THE PROBLEM: Output exactly the lines that run from the start of the records to the line with "Doppelseitiger Abakuhaus Accent", counting both ends, and skip the pictures.

SUPPLIED RECORDS:
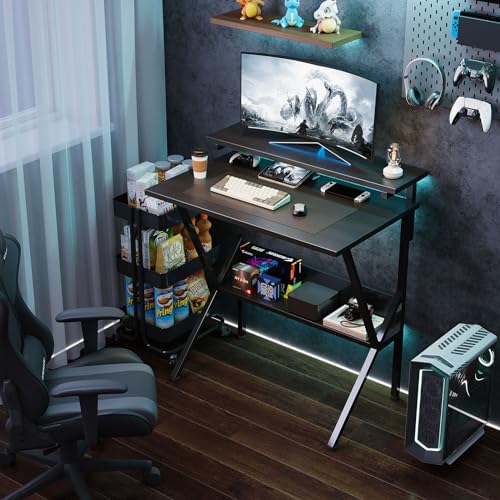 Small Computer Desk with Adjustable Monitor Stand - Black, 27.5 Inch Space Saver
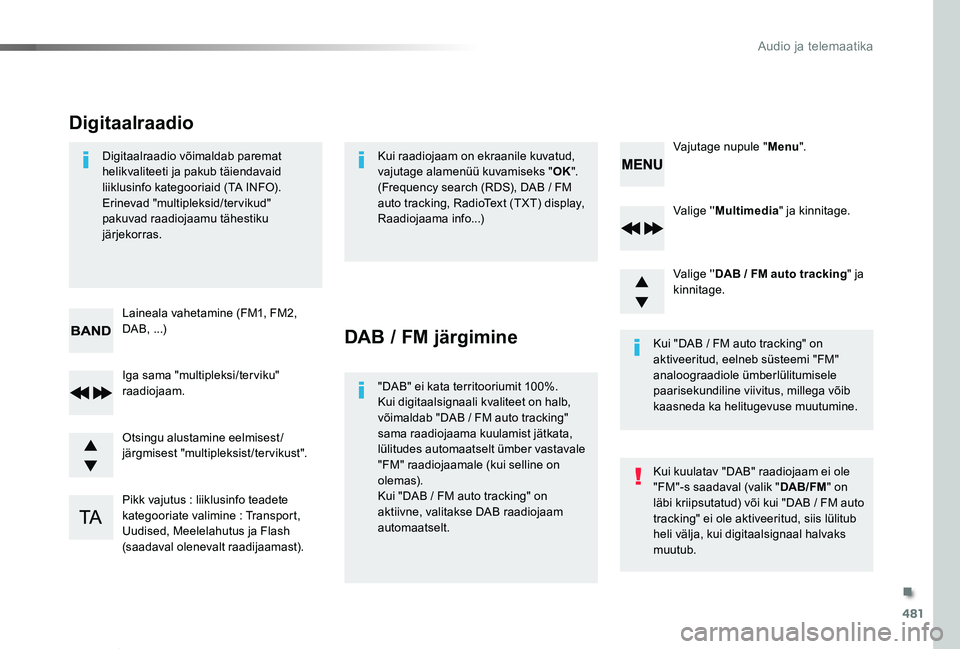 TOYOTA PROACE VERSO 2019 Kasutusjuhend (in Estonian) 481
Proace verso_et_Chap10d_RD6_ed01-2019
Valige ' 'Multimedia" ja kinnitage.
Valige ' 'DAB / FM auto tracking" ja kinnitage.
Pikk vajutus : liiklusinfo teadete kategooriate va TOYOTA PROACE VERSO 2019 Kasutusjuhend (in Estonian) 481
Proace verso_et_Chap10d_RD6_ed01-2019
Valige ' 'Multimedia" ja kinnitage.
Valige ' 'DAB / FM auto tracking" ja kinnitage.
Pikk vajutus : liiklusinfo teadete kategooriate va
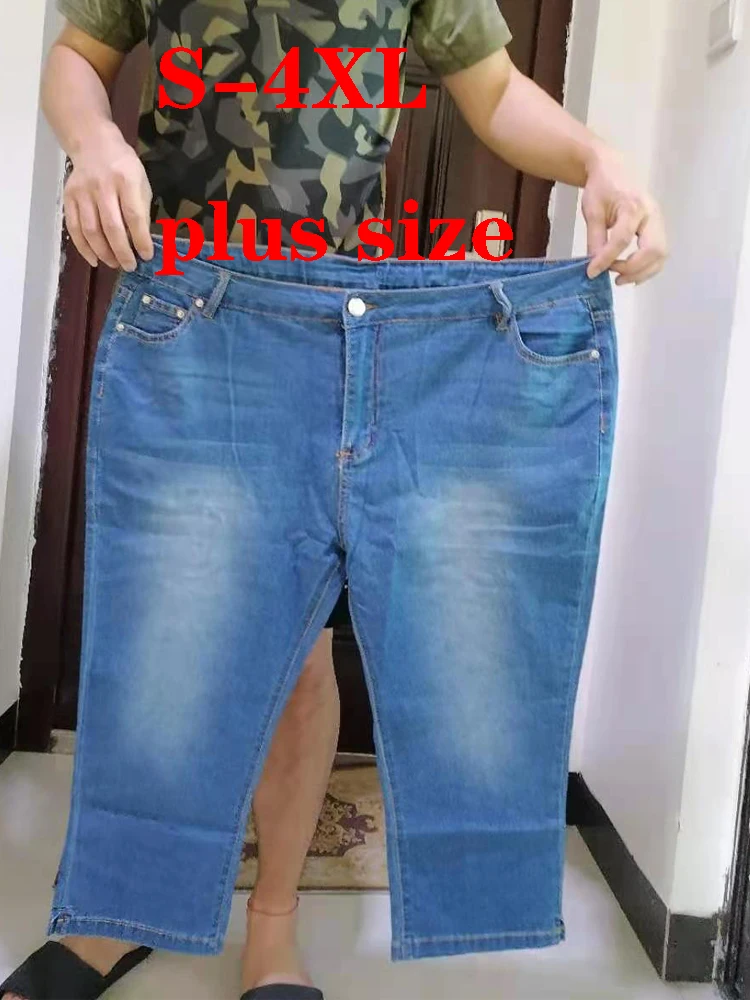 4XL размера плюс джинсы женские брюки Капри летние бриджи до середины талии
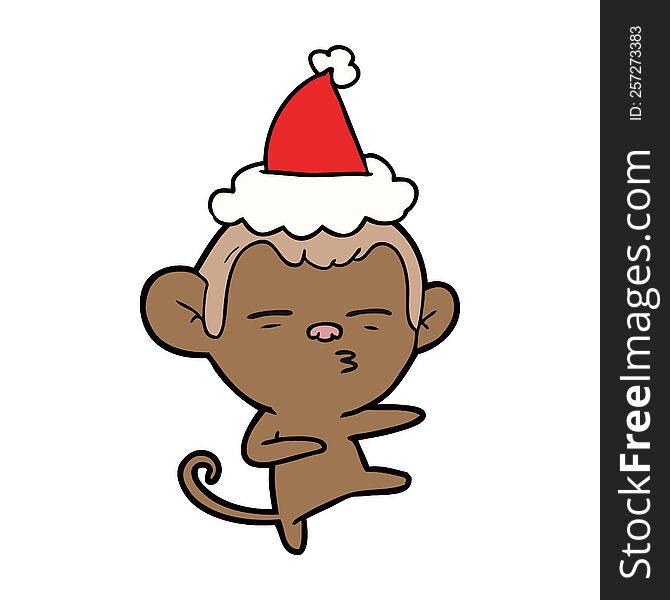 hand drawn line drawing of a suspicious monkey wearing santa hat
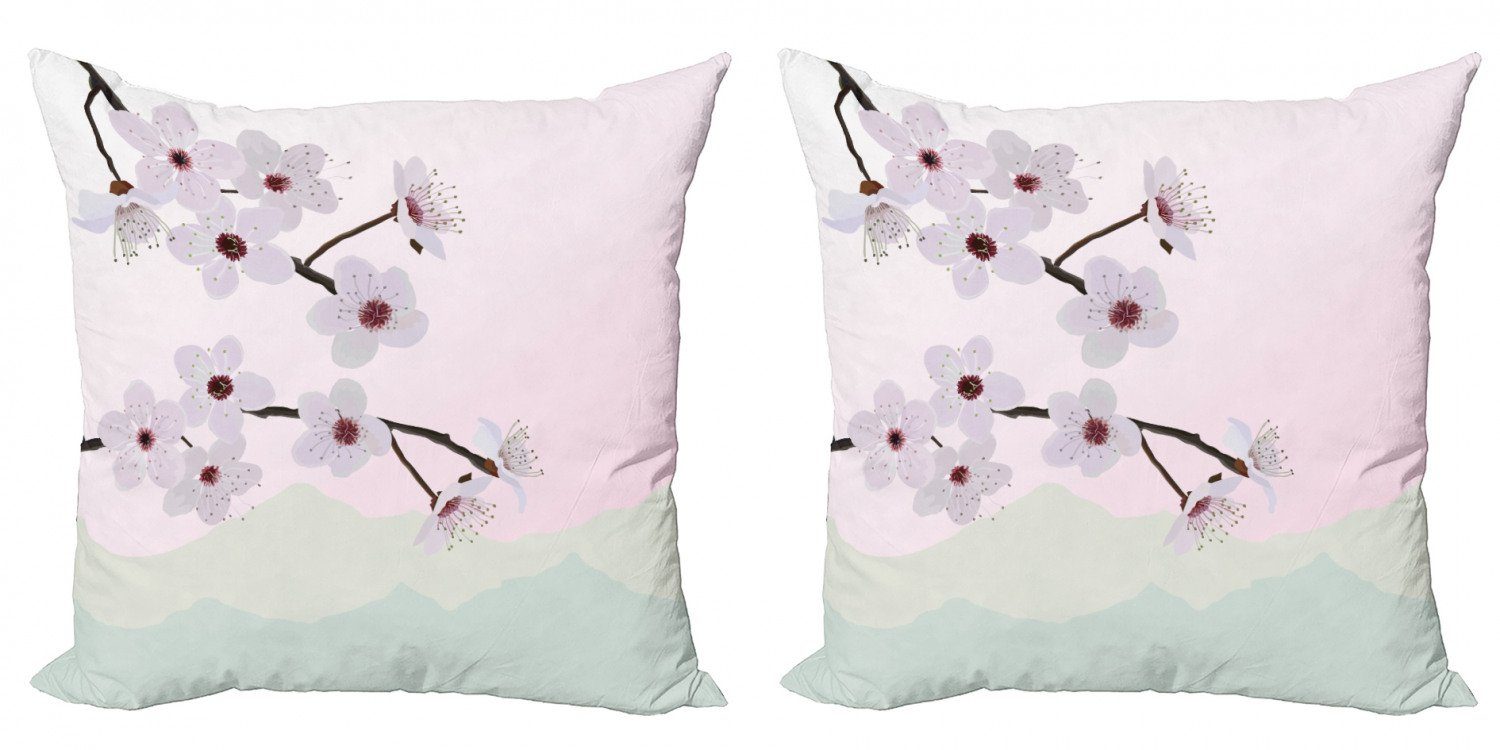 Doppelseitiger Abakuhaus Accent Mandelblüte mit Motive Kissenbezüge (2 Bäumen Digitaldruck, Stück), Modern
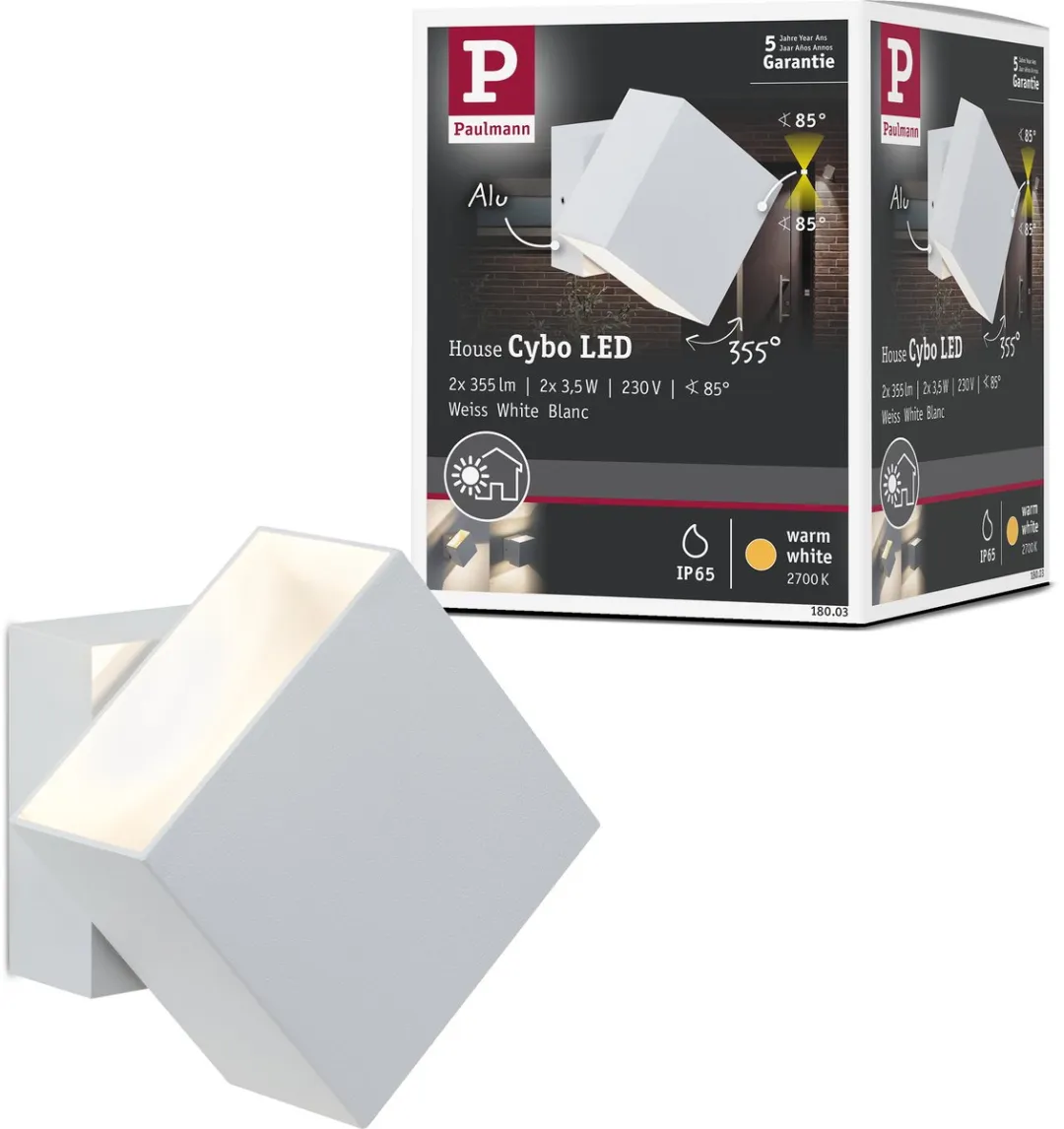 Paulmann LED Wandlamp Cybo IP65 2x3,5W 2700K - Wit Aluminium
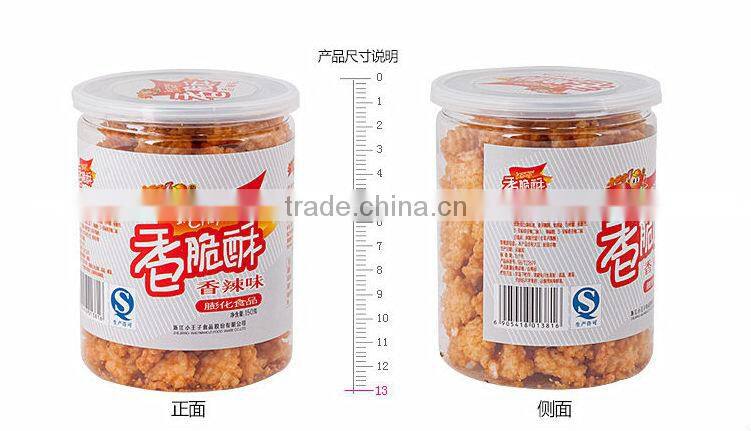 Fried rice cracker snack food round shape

WORKED SOLUTION:
 Small Computer Desk with Adjustable Monitor Stand - Black, 27.5 Inch Space Saver
 TOYOTA PROACE VERSO 2019 Kasutusjuhend (in Estonian) 481
Proace verso_et_Chap10d_RD6_ed01-2019
Valige ' 'Multimedia" ja kinnitage.
Valige ' 'DAB / FM auto tracking" ja kinnitage.
Pikk vajutus : liiklusinfo teadete kategooriate va TOYOTA PROACE VERSO 2019 Kasutusjuhend (in Estonian) 481
Proace verso_et_Chap10d_RD6_ed01-2019
Valige ' 'Multimedia" ja kinnitage.
Valige ' 'DAB / FM auto tracking" ja kinnitage.
Pikk vajutus : liiklusinfo teadete kategooriate va
 4XL размера плюс джинсы женские брюки Капри летние бриджи до середины талии
 hand drawn line drawing of a suspicious monkey wearing santa hat
 Doppelseitiger Abakuhaus Accent Mandelblüte mit Motive Kissenbezüge (2 Bäumen Digitaldruck, Stück), Modern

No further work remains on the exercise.